TWIN ARROWS, Ariz. — The Navajo Nation Gaming Enterprise broke ground for the 15,000 square foot Twin Arrows Police and Fire Substation Dec. 15 before a crowd, which included council members, casino staff and Leupp Chapter members.

The Navajo Nation Council approved $4.5 million from the Síhasin Fund for the facility near the resort, which is in the Leupp Chapter. The Síhasin Fund was created from a $554 million settlement with the federal government and is managed and invested to provide financial support for the planning and development of regional infrastructure which support economic or community development on the Nation, according to the Council.

The substation will include a 911 dispatch room, training rooms, sleeping areas for men and women, a three-bay garage for fire trucks and is intended to provide public safety resources as the area around Twin Arrows continues to grow. Building the station is expected to be finished in September of 2017.

The substation will also serve more remote areas of the Navajo Nation in northern Arizona through an agreement with the Navajo Nation Division of Public Safety and the Navajo Nation Gaming Enterprise. The substation will include administrative offices for fire, medical and police.

Navajo Nation Council Delegate Leonard Tsosie, who was on hand at the groundbreaking, said he has told the council they need to support the Navajo police.

“They are the bravest because we send them out there into the dark zone with no backup and they still provide law enforcement,” Tsosie said. “The public safety building will provide much needed police, medical and fire services for the communities near Twin Arrows, including the Leupp Chapter.”

He said Twin Arrows had become one of the mainstays of Navajo economic development and the money for the development is coming from the Navajo Nation alone.

Jesse Delmar, executive director of the Navajo Nation Division of Public Safety, said during the ground breaking the substation is important for the safety and welfare of nearby residents.

“This will really improve the services of the Navajo Division of Public Safety,” Delmar said. “Like Mr. Tsosie said, we want to take care of our own, collectively as Navajo people. We want to do this ourselves and not depend on the county, the state.
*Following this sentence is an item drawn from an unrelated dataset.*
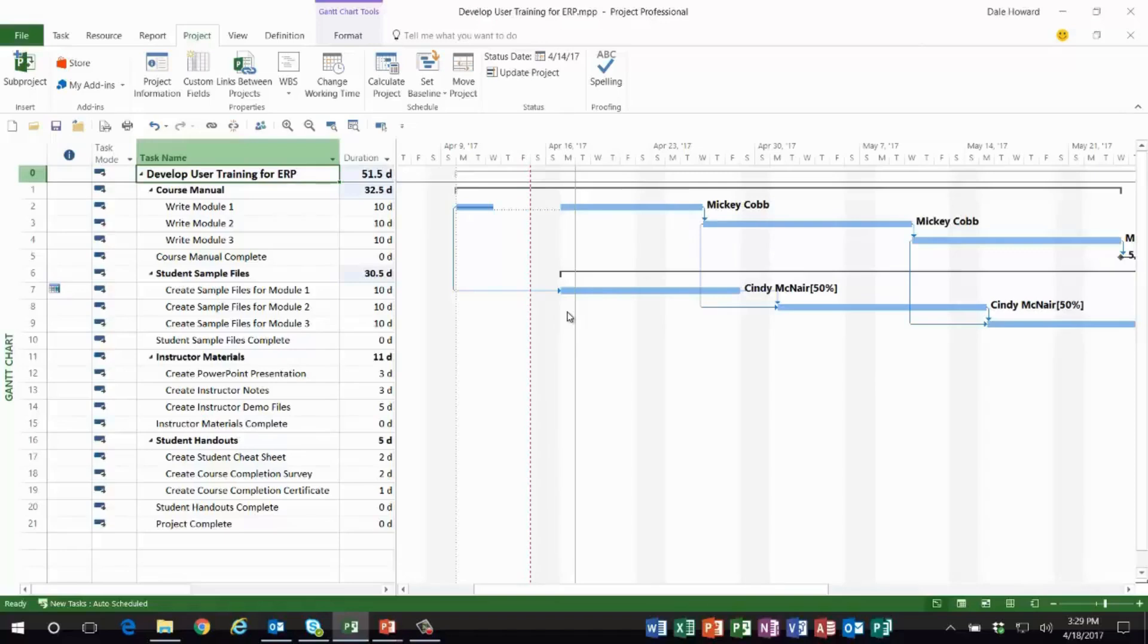the entire task is delayed into the current week. Now the schedule is correct. There's my two tips—thanks everybody!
We, the Navajo people… let’s do it ourselves.”

Delmar also said that he was glad that, through the building of the substation, the Nation will be in compliance with the Arizona Gaming Compact.

“We obligated ourselves as Navajo people that we’re going to provide law enforcement services, we’re going to provide fire protection and emergency medical services, as well,” he said. “By having this facility here, we’re going to be very close to being in compliance.”

Seth Damon, chairman of the Budget and Finance Committee thanked everyone for their hard work on getting the funding and ideas for the project pushed forward. He said the Navajo people benefit from gaming across the Navajo Nation, even if they might be unaware of it.

“We have to continue to support gaming,” Damon said. “We wouldn’t have a five-year plan. We wouldn’t have a permanent trust fund expenditure plan…”

Navajo Nation President Russell Begaye said Twin Arrows is the flagship gaming facility on the Navajo Nation and it provides services to people all over the state, the Navajo Nation and the country.

“We want to provide every customer protection from the dangers of fire, criminal activity or any other emergency situation that could take place on the property,” Begaye said. “By building the fire and police substation, the Navajo Nation will provide all protection necessary to our customers and employees.”

Begaye said he wants people to know that whether they are attending a game or a conference, the new substation will mean they are protected.

“We are pleased to break ground on this important and much needed public safety facility,” said Quincy Natay, Navajo Gaming Board chairman. “It is imperative that fire, medical and police services are available to the Navajo residents in the Twin Arrows area and the Gaming Enterprise is happy to partner with the Division of Public Safety as they work to keep the Navajo Nation safe.”